Is _-le_ in this sentence necessary?

_kedilerle aynı sayıda köpekler var_

Can we say:

_"kediler aynı sayıda köpekler var"_

Also, is _-da_ in _sayıda _necessary?

Thanks,


----------



## stardom

hi,

 "le, originally, ile " means in english "with" you can say: "kediler ve köpekler aynı sayıda" 
it will be better


----------



## Black4blue

Arabus said:


> Hello,
> 
> Is _-le_ in this sentence necessary?
> 
> _kedilerle aynı sayıda köpekler var_
> 
> Can we say:
> 
> _"kediler aynı sayıda köpekler var"_
> 
> Also, is _-da_ in _sayıda _necessary?
> 
> Thanks,


 
I can't explain why, but both of them are necessary.


----------



## Eline0909

_aynı= same_
_sayı= number_
_aynı sayı= same number_
_aynı sayıda= as many as (actually "the same number as")_


----------



## Arabus

Eline0909 said:


> _aynı= same_
> _sayı= number_
> _aynı sayı= same number_
> _aynı sayıda= as many as (actually "the same number as")_



Thank you, this is very helpful. Does that mean that  _-le_ is not part of the formula?


----------



## Black4blue

Yeah, the word *aynı(same)* is used with the word *ile(with).* Like in English, the word *same* is used with the word *as.*
Example:
*Benim evim seninkiyle aynı.*
*My house is the same as yours.*


----------



## Arabus

Thanks....


----------



## Eline0909

kedilerle aynı sayıda köpekler var= kedilerle köpeklerin sayısı aynı= kedi ve köpeklerin sayısı aynı= ne kadar kedi varsa o kadar da köpek var

...so the above sentences have exactly the same meaning.

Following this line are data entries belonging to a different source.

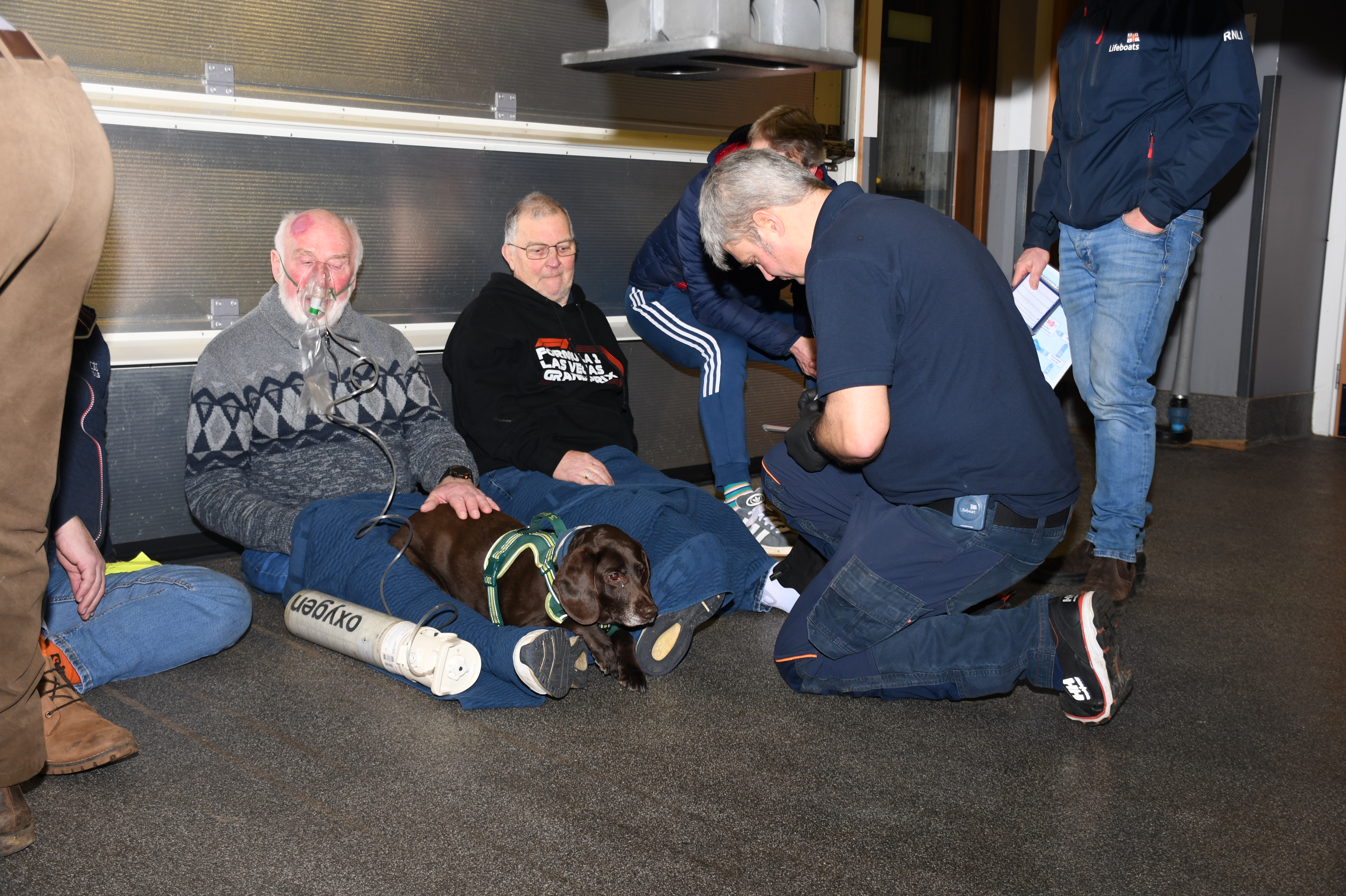 Wells RNLI volunteers have now successfully completed the RNLI’s intensive Casualty Care Course, delivered in two groups across the last two weeks. This training equips crew members with vital skills to support their lifesaving work at sea. Crew laid on the stion floor with other crew members providing simulated casualty care 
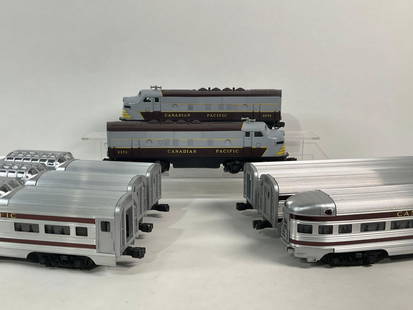 LIONEL #2373 CANADIAN PACIFIC F3 AA SET: LIONEL #2373 CANADIAN PACIFIC F3 AA SET Vintage locomotive train set, produced only in 1957. This set includes two (2) AA Lionel No. 2373 Canadian Pacific F3 units and six (6) passenger cars. The six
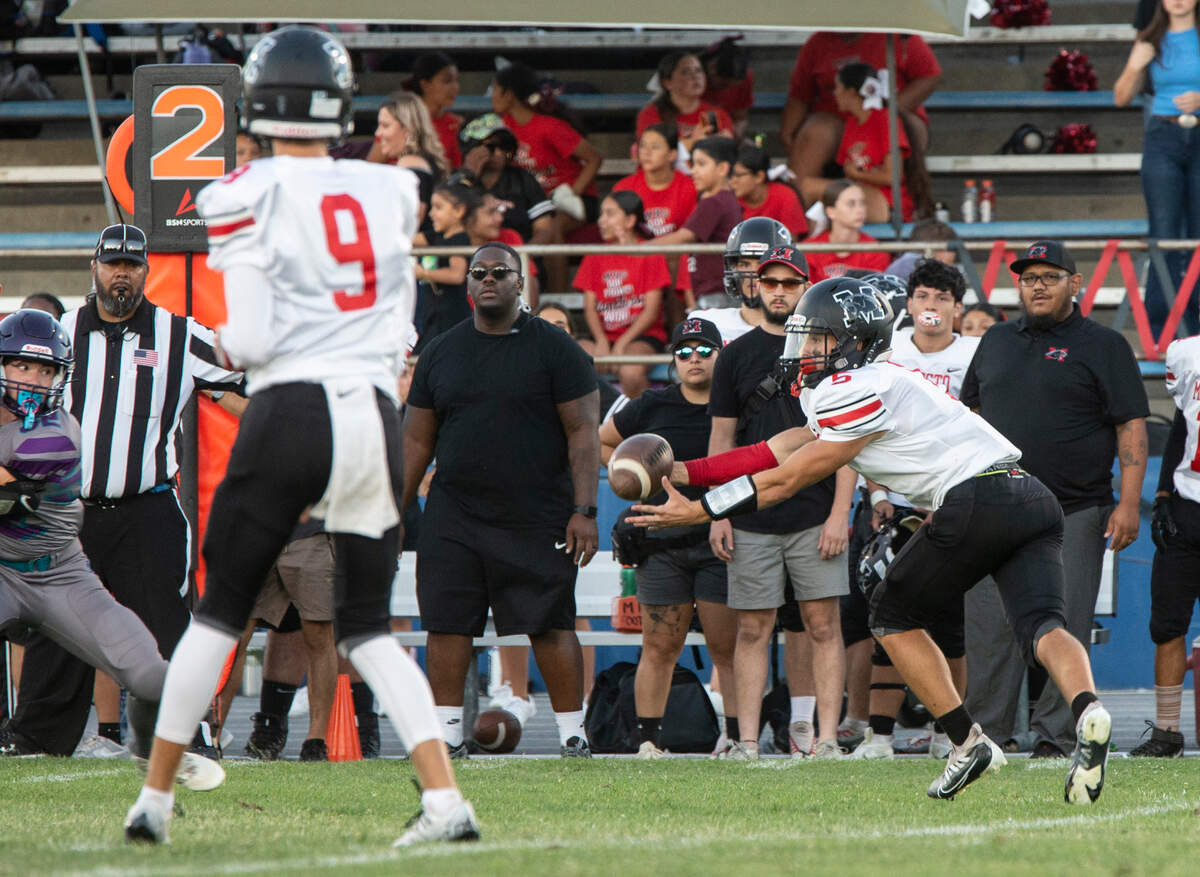 Garrett Bidwell, 5, grabs a pass from Eli McCabe, 9, for a gain against Johansen High Friday August 19, 2022.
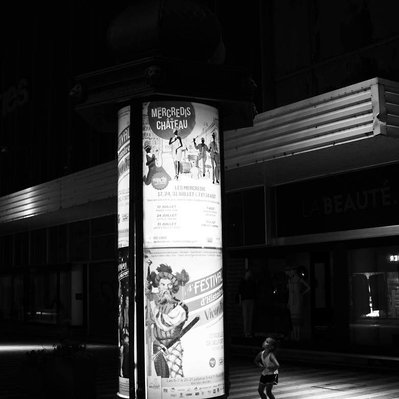 Black and white street photography of the french street photographer David Décamps representing a little girl amazed in front a giant advertising in Belfort.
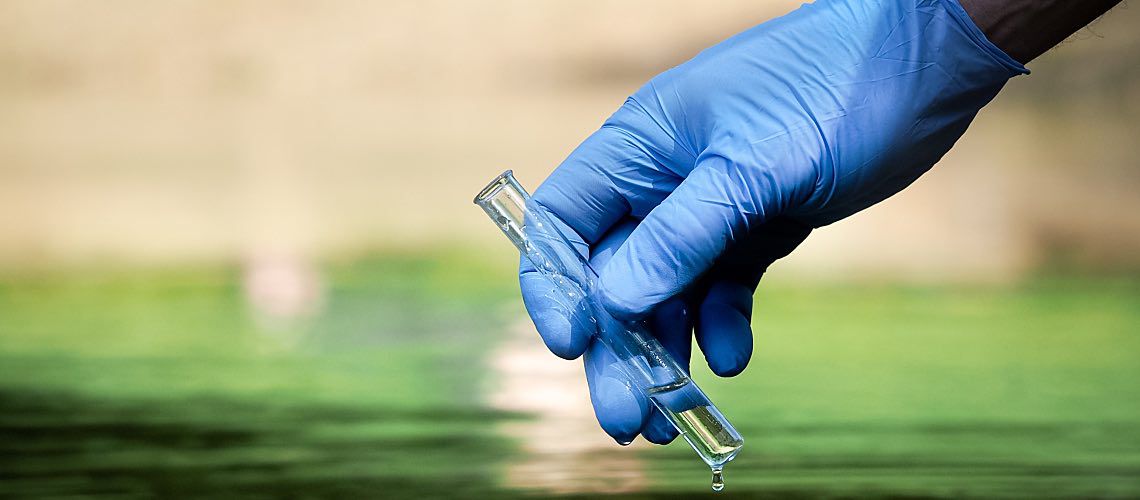 A hand in a latex glove holds a beaker.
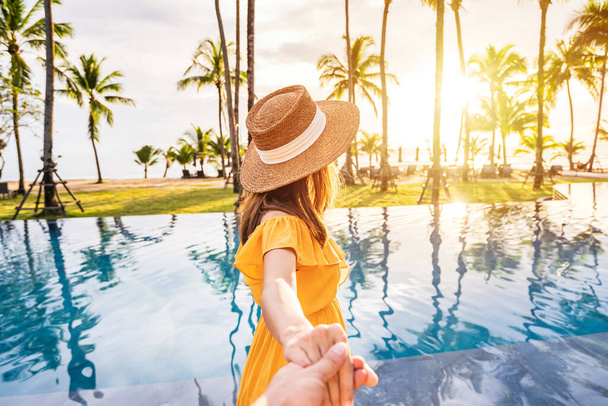 Junge Paare entspannen sich und genießen den Sonnenuntergang am Pool eines tropischen Resorts, während sie für den Sommerurlaub reisen - Foto, Bild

"kedilerle aynı sayıda köpekler var" ...so the exact translation to turkish would be:

cat-s-with (=kedi-ler-le), same number as (=aynı sayıda), dog-s (=köpek-ler), _there are (=var)_

You can actually explain the -le=ile (=with) in this sentence implicitly *compared with* even if the word compared is not there


----------